The White House is considering dozens of new sanctions against North Korea, which may go into effect early next week, US-based media reported.
According to The Wall Street Journal, the US National Security Council met on Thursday to discuss potential sanctions against Pyongyang, military action and other ways forward.
US President Donald Trump said earlier his decision to cancel the historic summit in Singapore was a setback for North Korea and for the world. The president placed the fault on the hostile rhetoric emanating from Pyongyang but invited the North's leader to contact him if he changed his mind about the meeting.
However, North Korea is still reportedly open for talks with the United States after Donald Trump cancelled the summit over Pyongyang’s alleged hostile remarks.

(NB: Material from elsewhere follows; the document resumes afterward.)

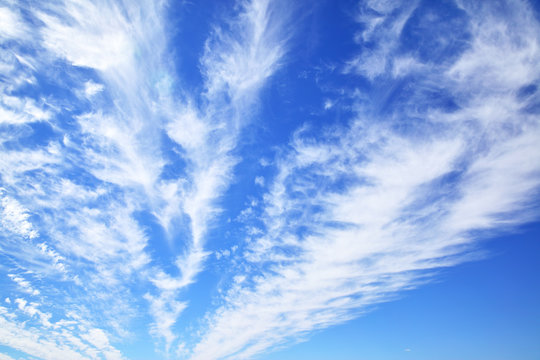 Fototapeta Fototapeta Błękitne niebo z chmurami w słoneczny dzień ścienna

The North Korean senior diplomat added that the US decision to call off the summit was not what the world wanted, and urged Trump to meet in order to put an end to "grave hostile relations."
Kim Kye Gwan emphasized that North Korean leader Kim Jong-un had focused all his efforts on preparing for the meeting with his US counterpart in Singapore.
Meanwhile, US Secretary of State Michael Pompeo said on Thursday that the United States would most likely impose new sanctions on North Korea and would encourage other countries to do the same. He said previously DPRK could get relief from sanctions if it gave up its nuclear weapons.
Diplomats to Pursue Dialogue Between Washington and Pyongyang
On Friday, The US and South Korean top diplomats agreed in a phone call to continue dialogue between Washington and Pyongyang, the South’s Foreign Ministry reportedly said.
US State Secretary Michael Pompeo and South Korean Foreign Minister Kang Kyung-wha had "in-depth discussions" on North Korea and their path forward, the ministry said, as quoted by the Yonhap news agency.
Meanwhile, Singapore, the host of the called-off summit between North Korea and the United States, said it was upset by the US decision, the island nation’s Foreign Ministry stated.
"Singapore regrets that the scheduled summit between President of the United States Donald J Trump and Democratic People’s Republic of Korea State Affairs Commission Chairman Kim Jong Un will no longer take place on 12 June 2018," the ministry’s spokesperson said.
Singapore Officials hope that efforts to find a path toward a lasting peace and stability in the Korean peninsula will continue, the ministry said Thursday. This sentiment was expressed earlier in the day by Russia, France, South Korea and the UN chief.